Entretien avec Arnaud Dubien, directeur de recherche à l'Institut de relations internationales et stratégiques (IRIS), spécialiste de l'Ukraine.
RFI : Que peuvent attendre les investisseurs étrangers du nouveau président Viktor Ianoukovitch ?
Arnaud Dubien : L'accession de Viktor Ianoukovitch à la présidence ne devrait pas changer grand chose pour les affaires économiques. Les problèmes de corruption de la bureaucratie ukrainienne sont bien connus. Pour ce qui est de la politique publique de l'Etat, là non plus il n'y aura pas de rupture dans les choix stratégiques. Il n'y aura pas de nationalisation par exemple. Les équipes qui entourent Ianoukovitch sont des gens assez libéraux. En tout cas plus libéraux et moins interventionnistes que Ioulia Timochenko. La priorité des nouvelles autorités est de trouver une solution budgétaire, l'Etat ukrainien est virtuellement en faillite. Il y a donc une urgence à régler : la remise à plat des finances publiques. Mais l'Ukraine va poursuivre à son rythme les réformes. Les investisseurs n'ont rien à craindre du changement de pouvoir à Kiev.
RFI : Les investisseurs européens doivent-ils s'inquiéter de voir un pro-russe au pouvoir ?

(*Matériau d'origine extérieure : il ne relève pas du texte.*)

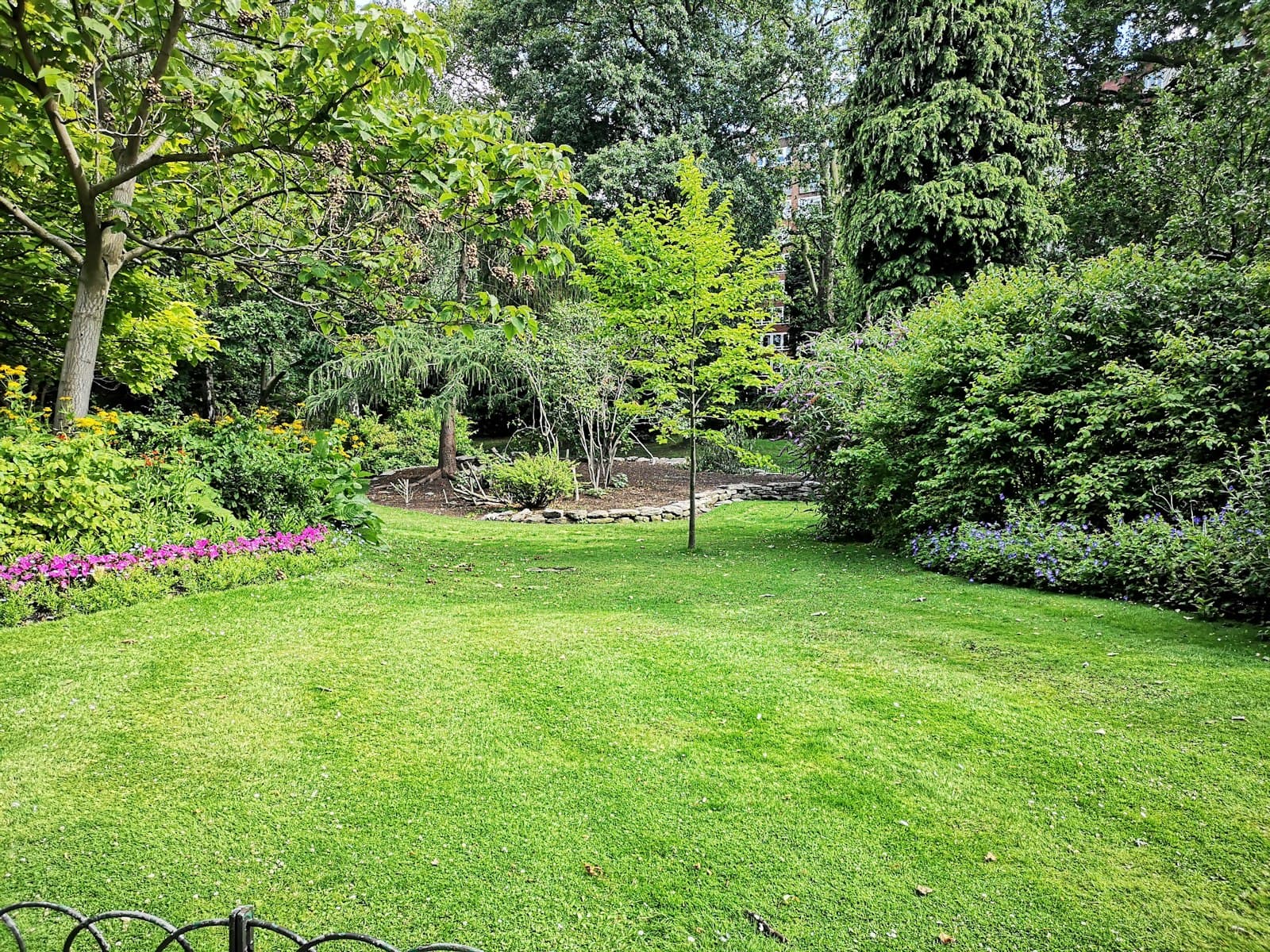 A mown lawn framed by mature planting beds
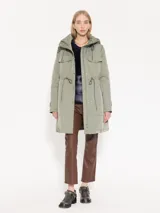 Parka verde militar de corte recto y holgado con cintura ajustable mediante cordón. Cuenta con capucha, bolsillos frontales con solapa y broches.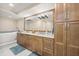 Bathroom featuring double vanity, and soaking tub at 4621 S Atlantic Ave # 7202, Port Orange, FL 32127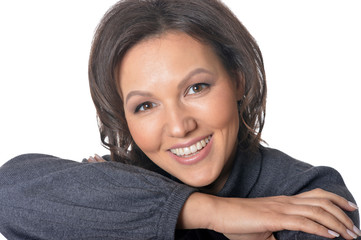 Studio portrait of beautiful brunette woman on white background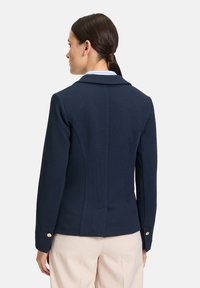 Granatowa marynarka wykonana z teksturowanej tkaniny, z klapami, dopasowanym krojem i złotymi guzikami na mankietach.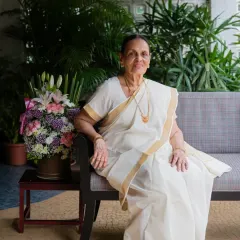 We also did some lifestyle portraits in her home, surrounded by lush greenery. This photo, with her in a classic white and gold saree, has a serene and natural feel, celebrating her in her own comfortable environment.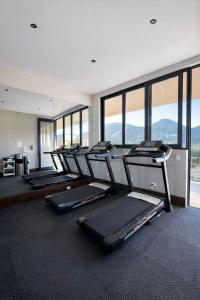 a gym with a row of treadmills and windows at Hotel Flores de Sal-Valle de Guadalupe in Valle de Guadalupe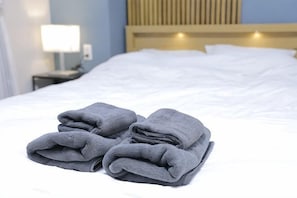 A neatly made bed with folded towels and a bedside lamp.
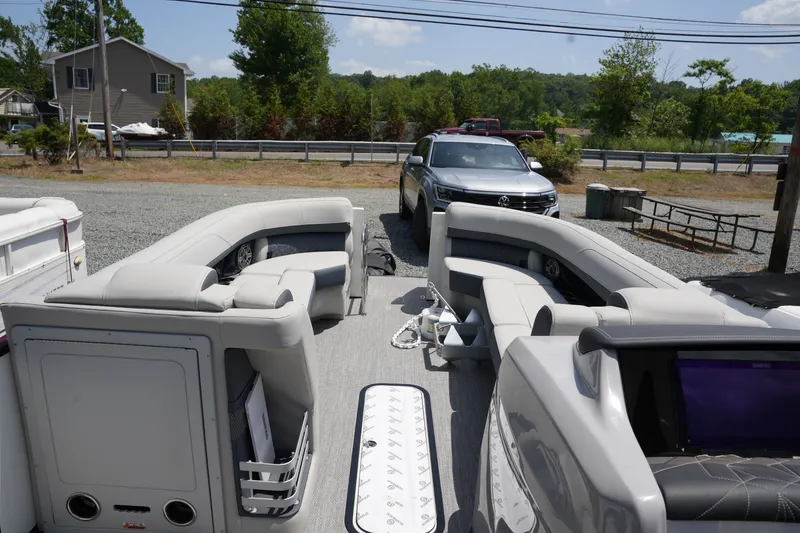 Slide: The Image of The image shows the interior of a 2027 Harris 250GM pontoon boat with gray seating. - 16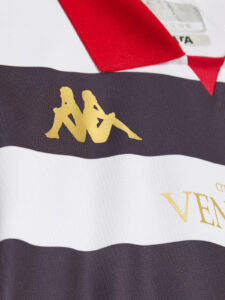 Close-up of a white jersey with a black horizontal stripe, gold Kappa logo, and red collar details.
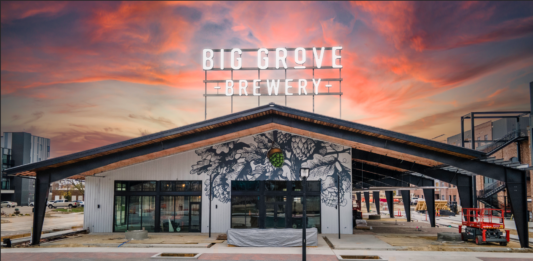 A view of the front entrance of the Big Grove Brewery’s Cedar Rapids taphouse at a recent sunset. CREDIT BIG GROVE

A.D. : Les responsables politiques et la population sont favorables à l'entrée de l'Ukraine dans l'Union européenne. Cette question ne divise pas parce que l'UE est associée à la prospérité et à la richesse. Kiev réalise d'ailleurs l'essentiel de ses échanges avec elle. Viktor Ianoukovitch n'est pas hostile à l'Europe. D'un point de vue économique il n'est donc pas certain que l'élection du leader du Parti des régions soit une mauvaise nouvelle pour les entrepreneurs européens. Je crois qu'il faut vraiment se défaire de l'idée que Ianoukovitch est un cryptocommuniste pro-russe, tout cela est beaucoup plus nuancé, beaucoup plus compliqué.

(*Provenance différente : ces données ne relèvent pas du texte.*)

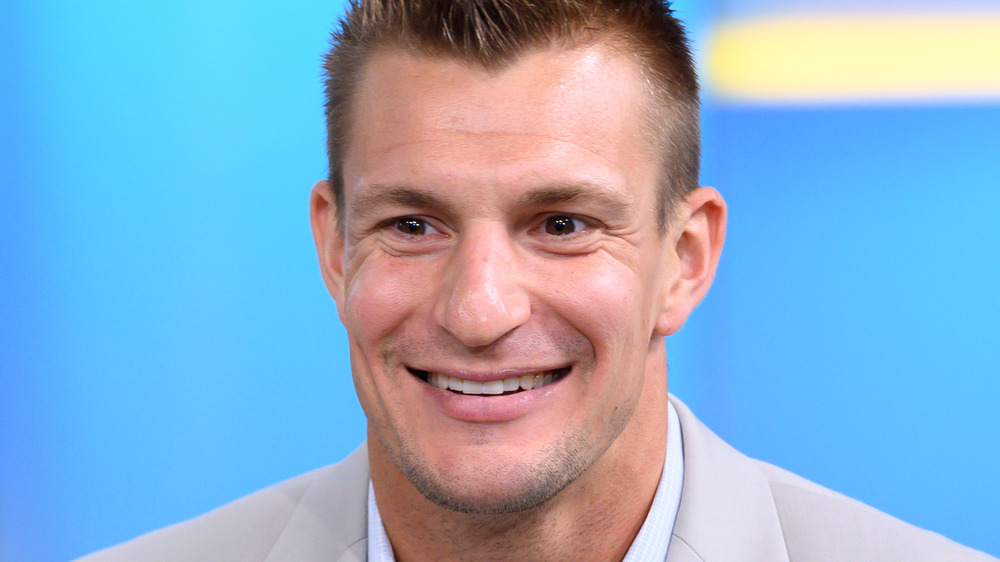 Rob Gronkowski smiles in light suit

RFI : Comment qualifier le marché ukrainien pour les investisseurs étrangers ?
A.D. : C'est un marché extrêmement important. L'Ukraine, c'est un peu plus de 45 millions d'habitants. Alors certes c'est l'un des pays les plus frappés par la crise avec la Lettonie. Les ménages en particulier sont très endettés. Mais le pays s'est beaucoup développé ces dernières années. Après la crise, l'Ukraine va redevenir un marché intéressant. C'est un marché qui est proche de nous, qui est relativement accessible.

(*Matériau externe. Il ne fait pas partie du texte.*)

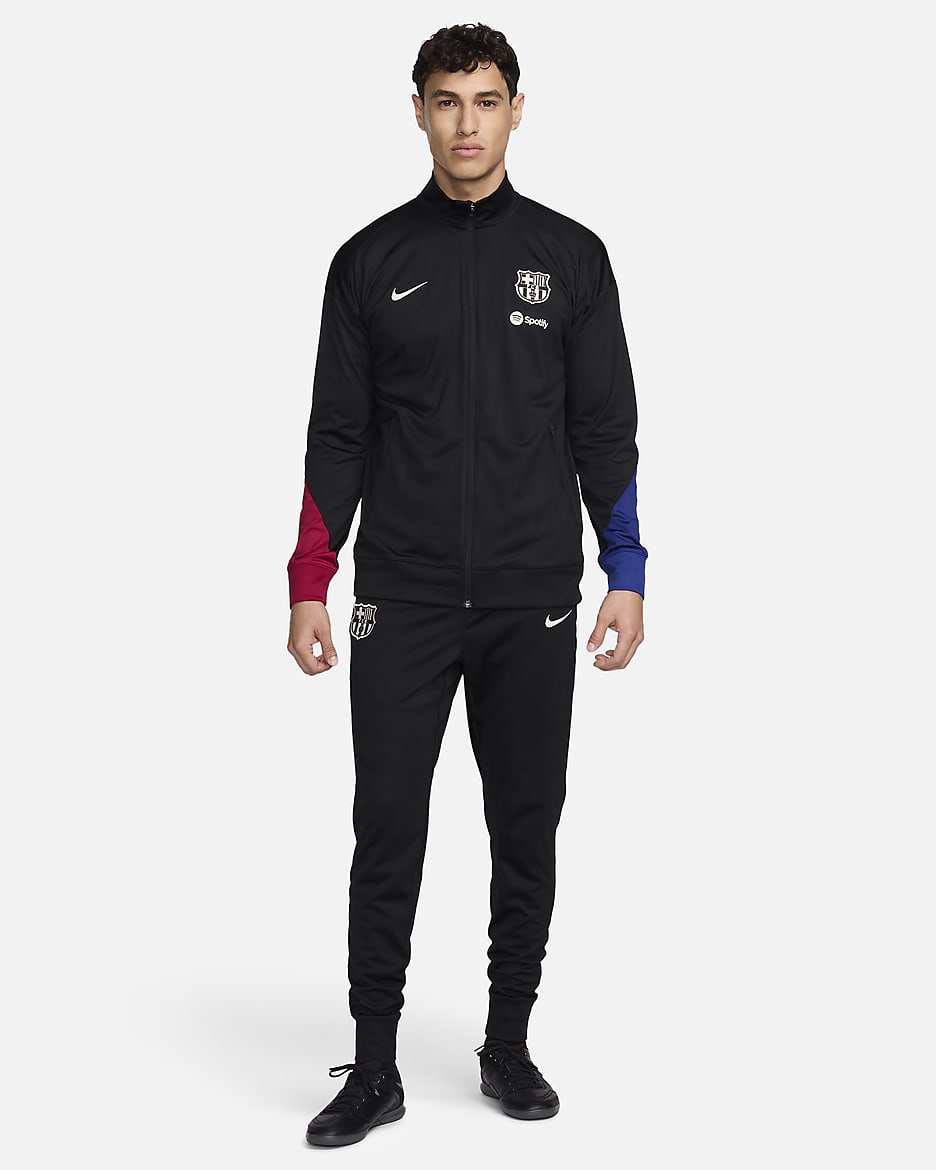 FC Barcelona Strike Nike Dri-FIT strikket fotballtracksuit til herre - Svart/Noble Red/Deep Royal Blue/Light Orewood Brown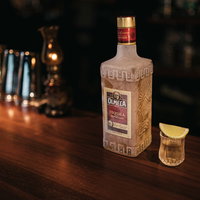 冷凍したテキーラ オルメカゴールドのショットグラスとバーカウンターの写真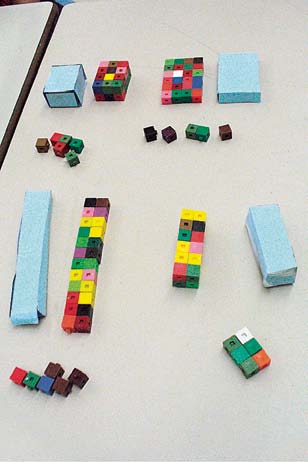 Des prismes construits avec des cubes emboitables, et d’autres en papiers. Ils sont organisés par paires semblables.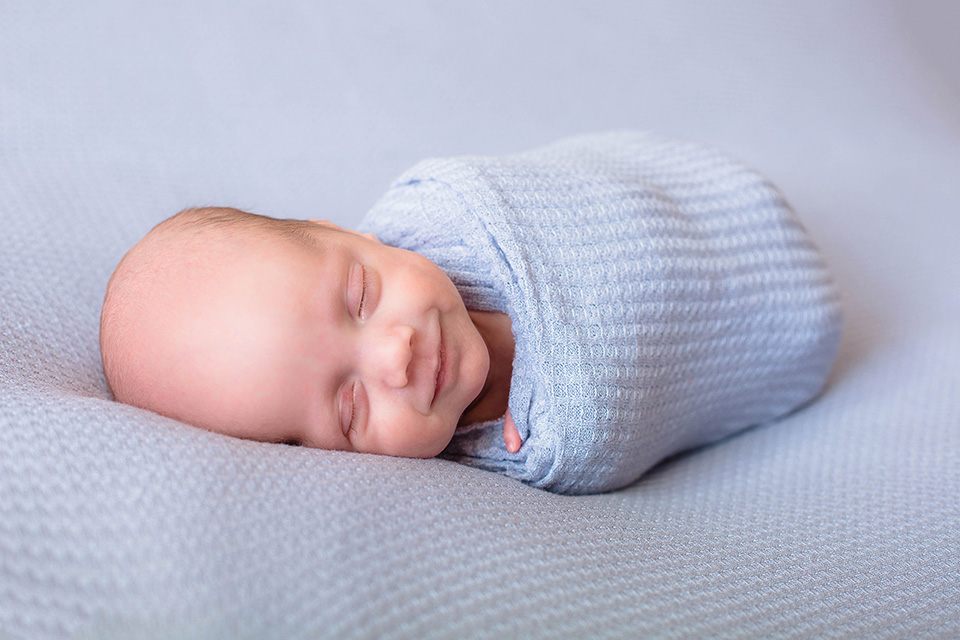 Newborn smiling Swaddle Pictures, Newborn photographer in Canandaigua NY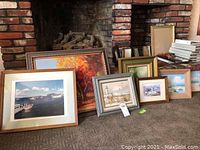 Seven framed wall art pieces displayed in front of a brick fireplace on a carpeted floor. Frames of varied styles and sizes are shown, some stacked behind others.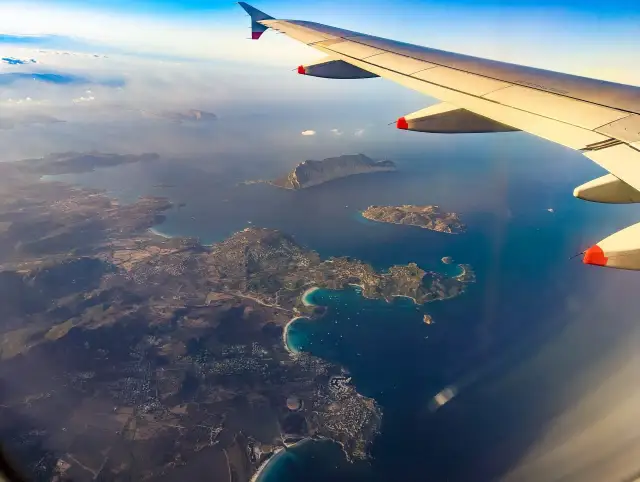 Widok z samolotu na wybrzeże Sardynii z turkusową wodą i zielonymi wyspami.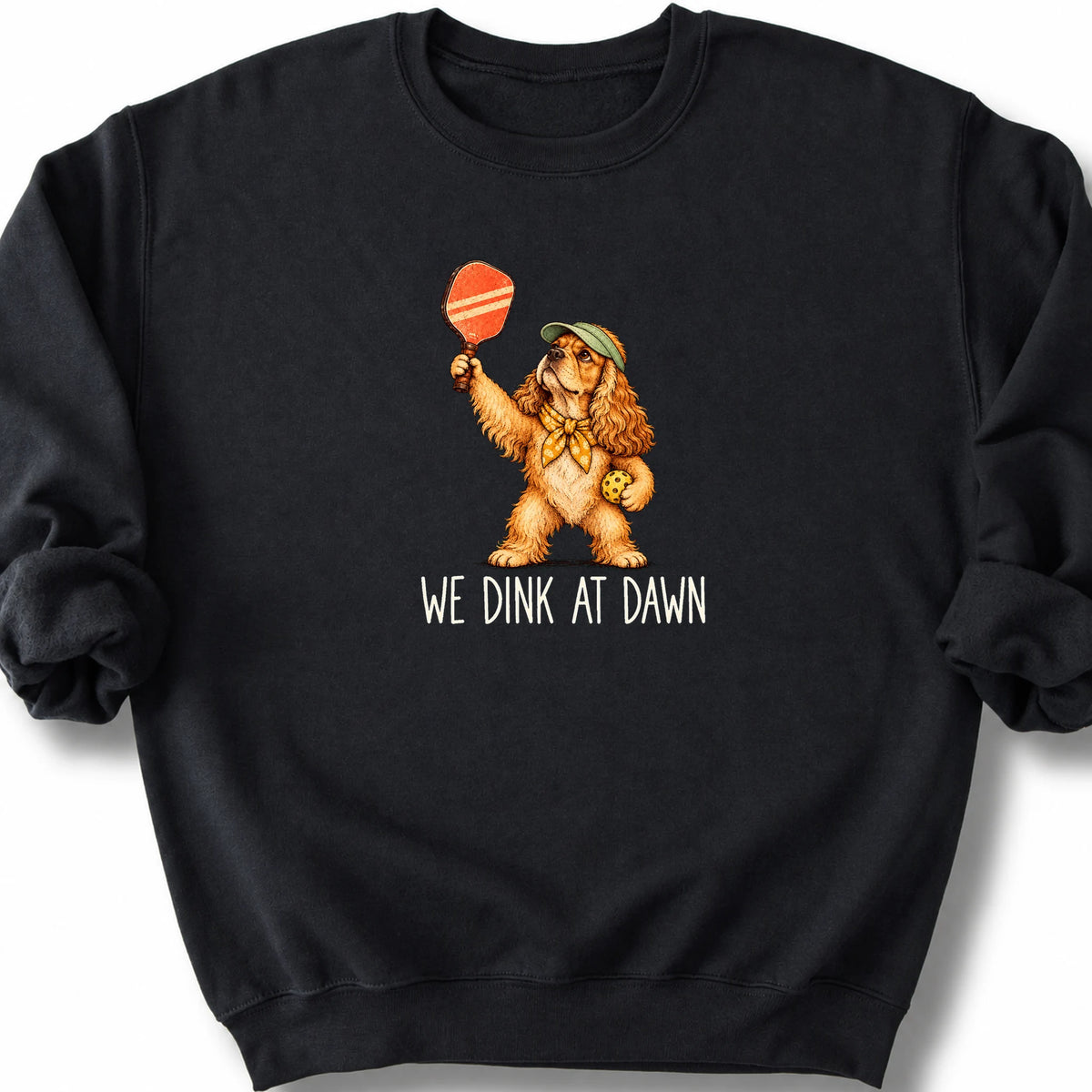 Cocker Spaniel with a pickleball paddle and ball on a Black Gildan® sweatshirt with We Dink at Dawn text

RFI : Cette élection va-t-elle permettre de stabiliser l'Ukraine ?
A.D. : Ce n'est pas sûr du tout. Ioulia Timochenko n'a pas l'intention de reconnaître sa défaite. Elle envisage des actions en justice ce qui va faire traîner les choses. Ce n'est pas une bonne nouvelle, ni un bon signal pour la stabilité économique. Il y a ensuite la question de la constitution. L'Ukraine a une constitution extrêmement hybride, mi-présidentielle, mi-parlementaire. On ne sait pas très bien qui s'occupe de quoi. La stabilité du pays passe donc par une nouvelle constitution et par des élections législatives anticipées pour clarifier la situation.